**Task to carry out**. Repeat only the lines from the one containing "Heavy-duty rubber speed" to the final line below, exactly as they read, and leave every picture out.

**Raw data**.
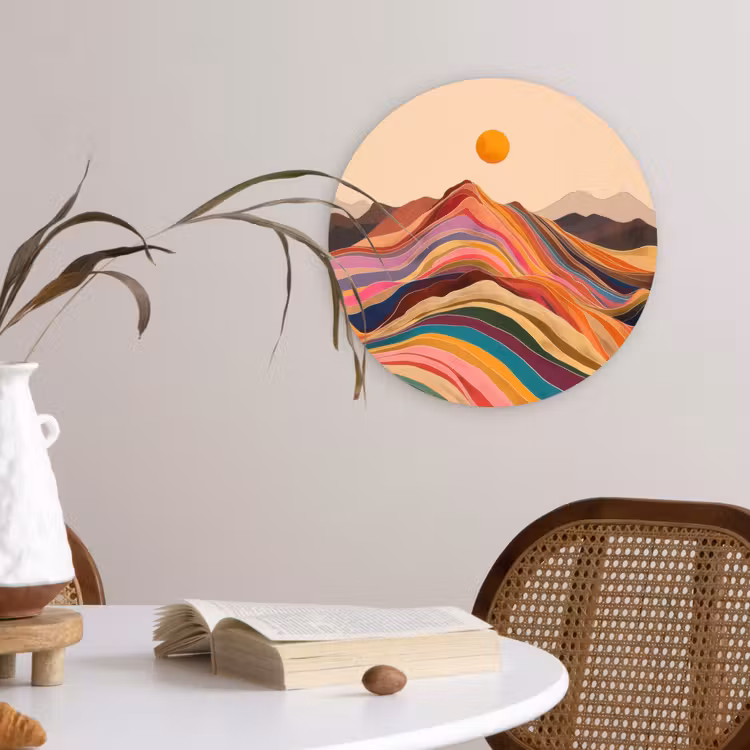 Zon - Kleurrijk landschap - Bergen Wandcirkel kunststof plaat 5mm dik klein -sfeer4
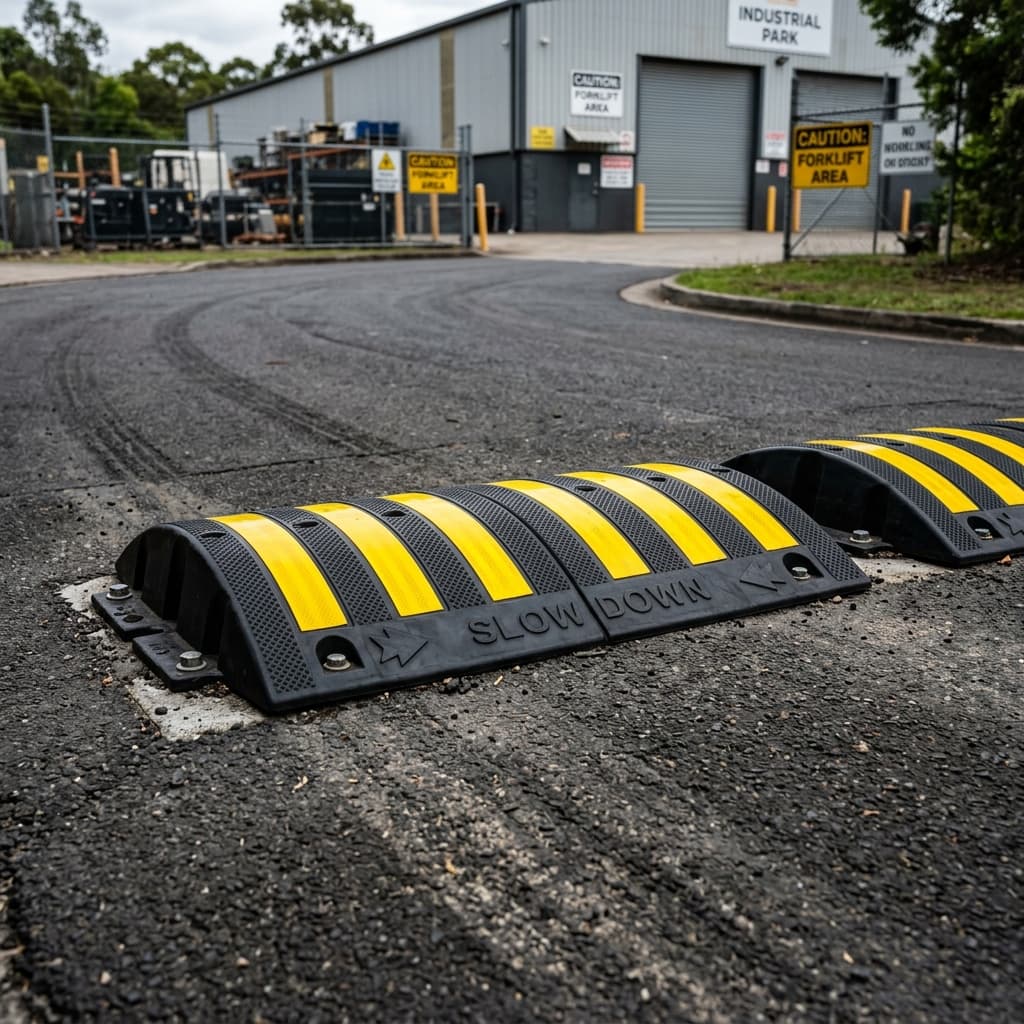 Heavy-duty rubber speed breakers for corporate parking lots.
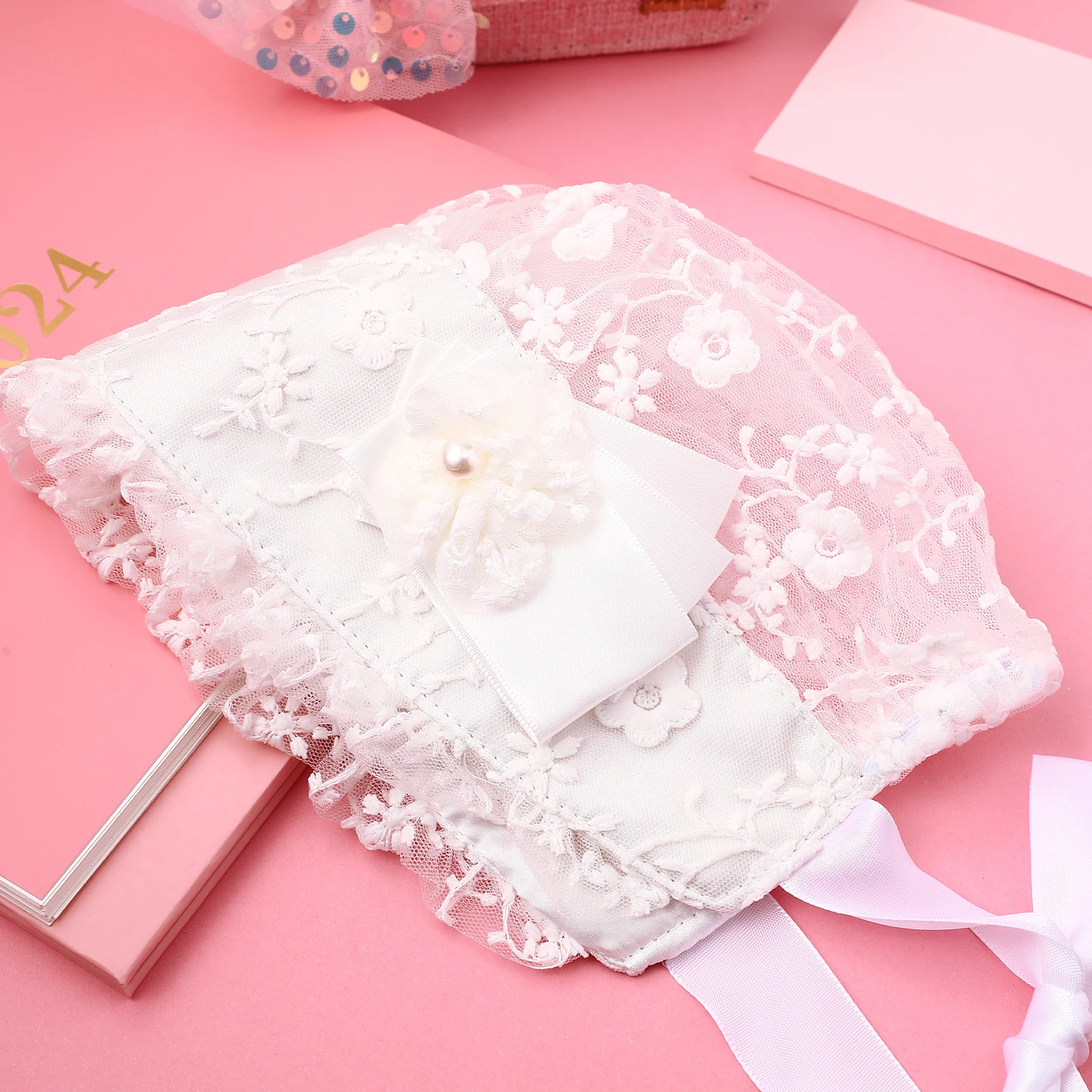 

Baby Hat Newborn Lace Cap Girls Christening Bonnet Infant Sun Hat Adjustable Soft Material Photo Prop Outdoor Use Baby Care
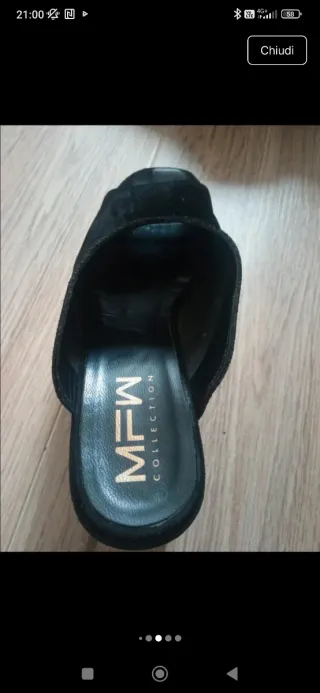 Zoccolo in camoscio nero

**Written response**.
 Heavy-duty rubber speed breakers for corporate parking lots.

Baby Hat Newborn Lace Cap Girls Christening Bonnet Infant Sun Hat Adjustable Soft Material Photo Prop Outdoor Use Baby Care
 Zoccolo in camoscio nero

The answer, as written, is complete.